Writing · 17.06.26 · 2 min

GLM-5.2: the most powerful text-only open weights LLM?

Editorial translation of Simon Willison's post on benchmarks, cost, and hands-on tests.

GLM-5.2: the most powerful text-only open weights LLM?

Source: GLM-5.2 is probably the most powerful text-only open weights LLM · Simon Willison · June 17, 2026

Z.ai released GLM-5.2 to coding plan subscribers June 13, then open weights under MIT June 16. 753B parameters, MoE with 40B active. Text input only—vision is a separate closed family. Context window: 1 million tokens (up from 200K on GLM-5.1).

GLM-5.2 open weights

Benchmarks and cost

Artificial Analysis ranks GLM-5.2 #1 among open weights on Intelligence Index v4.1 (score 51)—ahead of MiniMax-M3, DeepSeek V4 Pro, and Kimi K2.6.
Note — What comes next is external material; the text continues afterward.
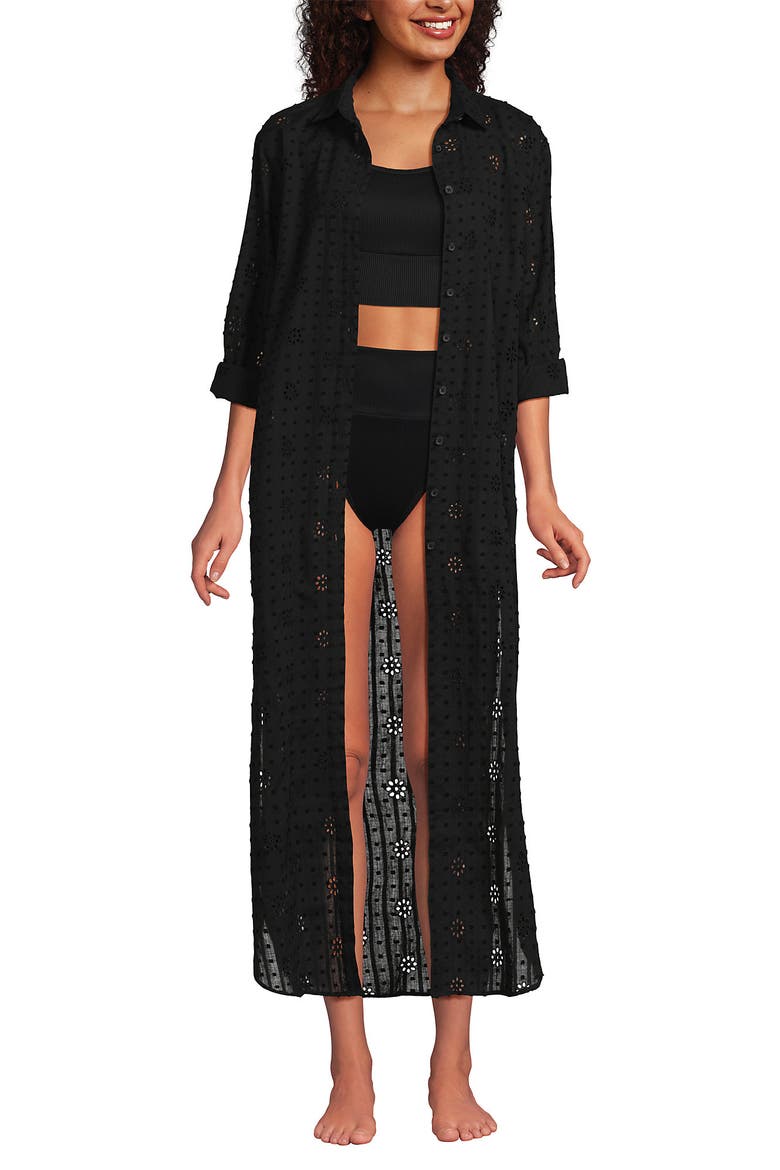 Eyelet Button Down Maxi Cover-up Dress, Alternate, color, Black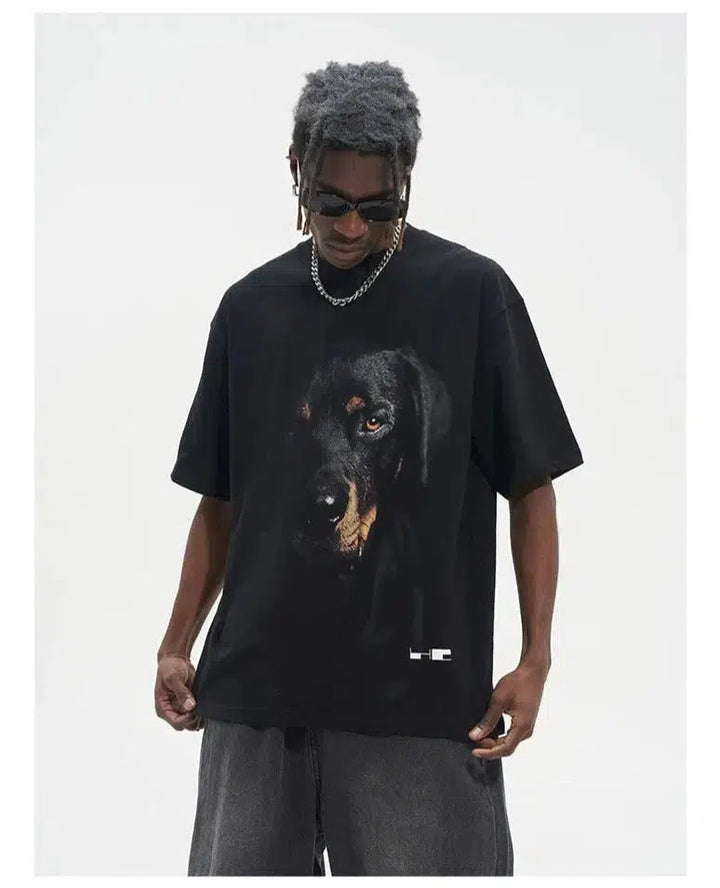 Dog Graphic Short-sleeved T-shirt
Caveat: token hunger—~43K output tokens per Intelligence Index task vs 26K for GLM-5.1. Output pricing matters in production budgets.

#2 on Code Arena WebDev behind only Claude Fable 5—surprising without image input for frontend agentic coding.

On OpenRouter, most providers charge $1.40/M input, $4.40/M output vs GPT-5.5 at $5/$30 and Claude Opus at $5/$25.

Hands-on (Simon’s tests)

GLM-5.1 produced a beloved animated pelican SVG. GLM-5.2 improved the pelican prompt with intact animations.

The “NORTH VIRGINIA OPOSSUM ON AN E-SCOOTER” prompt regressed vs GLM-5.1’s animated HTML+CSS—no animation, lower quality.

Lesson: leaderboard rank doesn’t uniform across task types.

For backend / LLM integration

Open weights, long context, cheap list pricing—worth trying self-hosted or via OpenRouter for RAG and agents. But ~43K tokens/task inflates production spend; enforce max output, rate limits, and eval gates.

Charity Majors’ recent point applies: code got cheaper to generate; engineering discipline matters more.

Model cards and downloads live on Z.ai and Artificial Analysis; Willison’s post is the practitioner filter.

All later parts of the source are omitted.